■ **Information supplied**
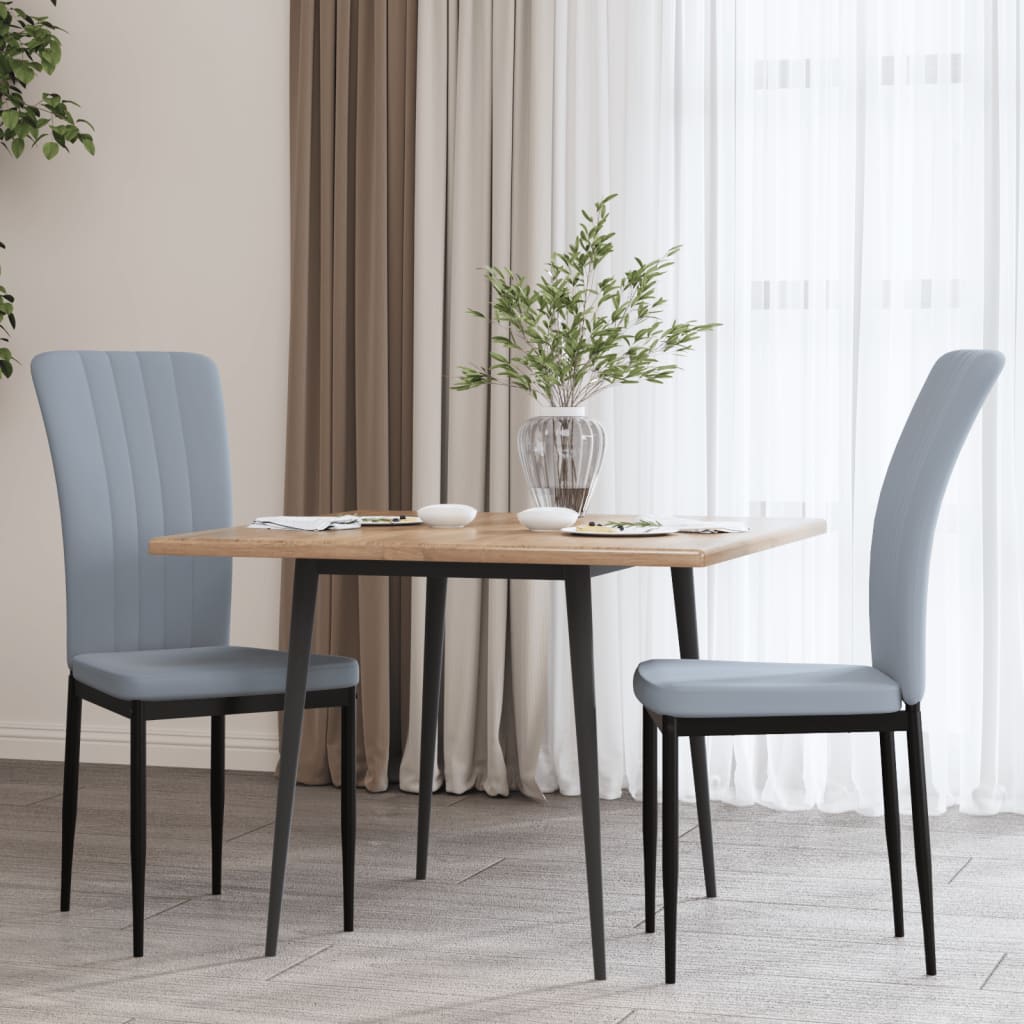 vidaXL Sedie da Pranzo 2 pz Grigio Chiaro in Velluto
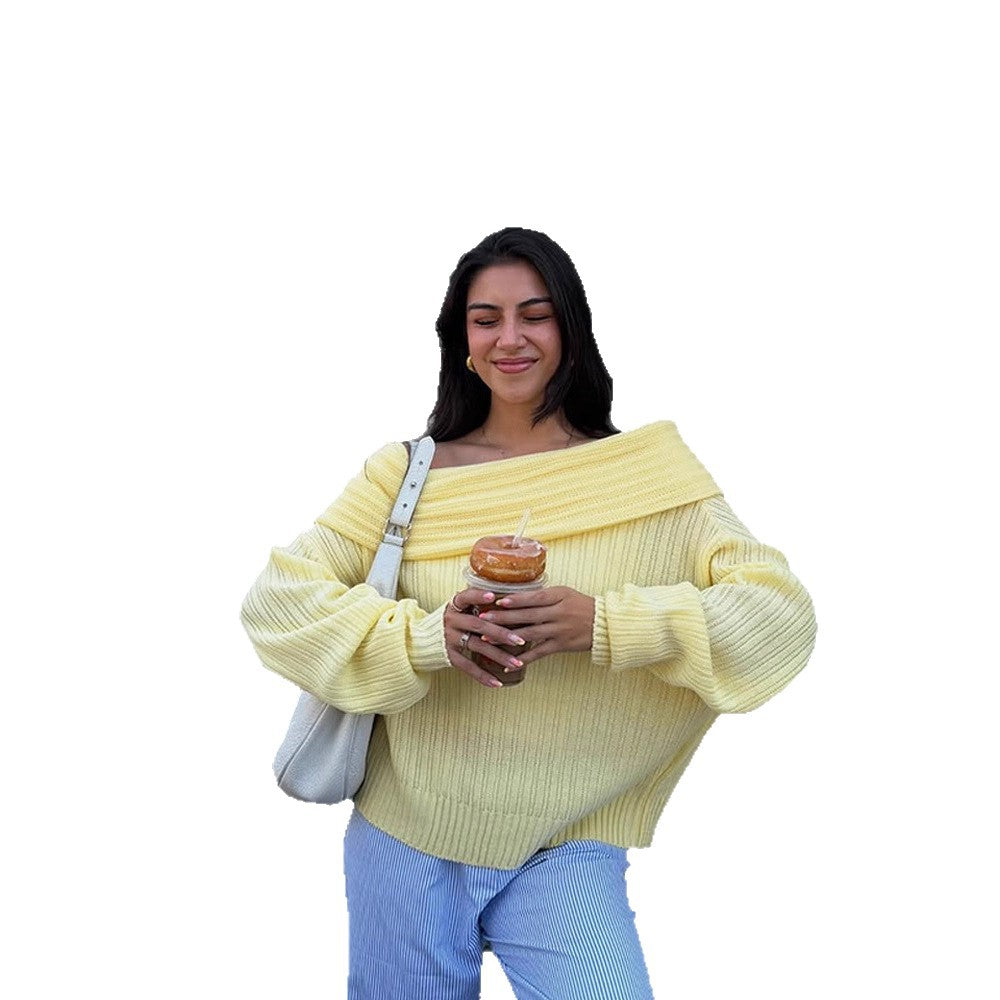 Damen Off-Shoulder Rippstrickpullover mit weitem Umschlagkragen Shop Nory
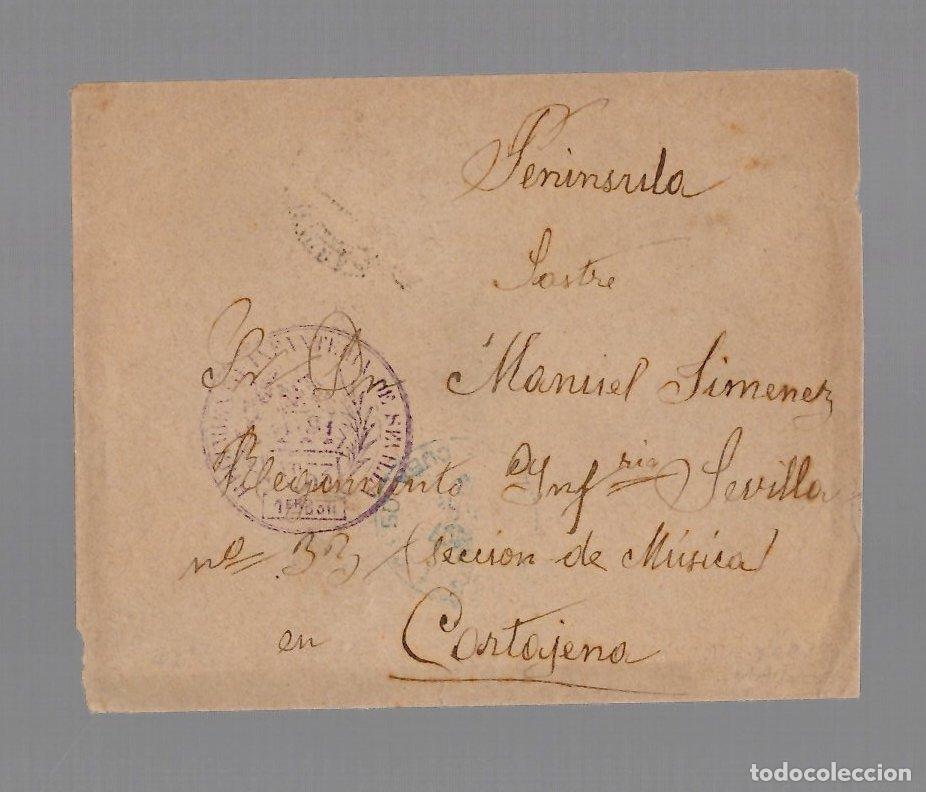 Sellos: SOBRE CIRCULADO A CARTAGENA SELLO REGIMIENTO INFANTERIA DE SEVILLA 1897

■ **Goal of the exercise**
Exactly the lines from the one containing "Damen Off-Shoulder Rippstrickpullover" through the last line of the material above, both included and free of pictures, should make up your answer, please.

■ **Written solution**
 Damen Off-Shoulder Rippstrickpullover mit weitem Umschlagkragen Shop Nory
 Sellos: SOBRE CIRCULADO A CARTAGENA SELLO REGIMIENTO INFANTERIA DE SEVILLA 1897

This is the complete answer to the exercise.